Software Quality & Design

The majority of research software is developed by scientists themselves rather than by professional software developers [26], [27]. The main reason for this is that in order to develop the software, in-depth domain knowledge is required. Hence, being domain experts themselves, scientists usually strive to get the necessary software development knowledge through self-studies or receive it from colleagues [27], [28]. Unfortunately, self-education only happens to a limited extent that is sufficient to achieve their primary short-term goal of getting a scientific reputation. In other words, the software itself is of a limited value and only serves as a tool to gain new insights as soon as possible [29]. Therefore, scientists often follow a quick and dirty software development approach as opposed to focusing on high quality, long-term sustainable software [30]. Accordingly, they have little motivation to learn the corresponding skill set. Nevertheless, code that is easy to read, understand, change and reuse needs to be structured appropriately [31]. Due to the lack of software engineering knowledge among scientists as well as the time pressure, scientific codes often suffer from bad quality and design. The result being software that is tightly coupled, unstructured, hard to understand and not well tested.

Collaboration & Versioning

Research software often starts out as a project of a single scientist but eventually ends up being used and maybe even developed further by their peers as well. These collaborators can either be located within the same institution or from the wider research community. As software development progresses, it becomes harder to track the changes in code and documentation over time. This is especially true if multiple developers collaborate while working on their own code copies. Moreover, the integration of these versions becomes a challenge in different aspects. On the one hand, they could contain conflicting changes. On the other hand, there is no guarantee that the software still works as intended after integrating. Also, untraceable changes complicate the reproduction of scientific results, as it is not clear how to match a version of the software with the corresponding result data.
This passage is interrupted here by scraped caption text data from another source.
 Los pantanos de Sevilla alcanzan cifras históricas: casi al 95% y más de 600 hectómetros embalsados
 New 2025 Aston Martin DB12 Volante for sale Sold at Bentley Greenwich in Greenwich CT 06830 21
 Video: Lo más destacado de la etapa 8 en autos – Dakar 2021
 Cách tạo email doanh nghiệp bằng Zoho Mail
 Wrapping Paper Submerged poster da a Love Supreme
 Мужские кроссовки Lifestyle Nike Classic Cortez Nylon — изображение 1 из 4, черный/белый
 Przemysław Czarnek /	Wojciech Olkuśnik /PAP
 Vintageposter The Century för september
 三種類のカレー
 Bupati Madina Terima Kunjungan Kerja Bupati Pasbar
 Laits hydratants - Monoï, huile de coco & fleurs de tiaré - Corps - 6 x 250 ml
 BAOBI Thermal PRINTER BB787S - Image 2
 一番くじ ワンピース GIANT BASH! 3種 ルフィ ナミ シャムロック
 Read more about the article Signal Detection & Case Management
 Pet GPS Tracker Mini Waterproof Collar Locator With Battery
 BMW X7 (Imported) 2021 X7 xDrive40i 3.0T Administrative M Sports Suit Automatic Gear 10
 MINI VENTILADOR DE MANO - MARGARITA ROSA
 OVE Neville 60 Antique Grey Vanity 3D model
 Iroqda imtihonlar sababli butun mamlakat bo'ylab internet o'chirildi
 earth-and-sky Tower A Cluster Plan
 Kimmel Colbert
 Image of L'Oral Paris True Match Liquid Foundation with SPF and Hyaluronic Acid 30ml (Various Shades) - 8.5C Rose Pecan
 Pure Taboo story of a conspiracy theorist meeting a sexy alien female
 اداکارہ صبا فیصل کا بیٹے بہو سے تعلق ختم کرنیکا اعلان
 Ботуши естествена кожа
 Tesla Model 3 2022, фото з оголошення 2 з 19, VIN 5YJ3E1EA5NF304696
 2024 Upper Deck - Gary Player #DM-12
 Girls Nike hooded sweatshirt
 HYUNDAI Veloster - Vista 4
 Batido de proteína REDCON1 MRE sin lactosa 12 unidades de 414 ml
Dependency Hell & Software Evolution

Many software systems use existing solutions in the form of third-party libraries. These libraries reduce the workload necessary to solve a problem. However, they also represent dependencies that must be available in order to run the software. For users, this can become a problem with respect to reproducibility if dependencies are either not documented, no longer available, or not compatible with certain platforms. Another aspect of this issue arises when the dependencies evolve. Further development of libraries either to implement new features or to fix bugs from previous versions may eventually result in different behavior, making it incompatible with older versions. As a result, data from older versions cannot be reproduced with the new version. In addition, evolving dependencies may even prevent developers from compiling and running the software, making it unusable.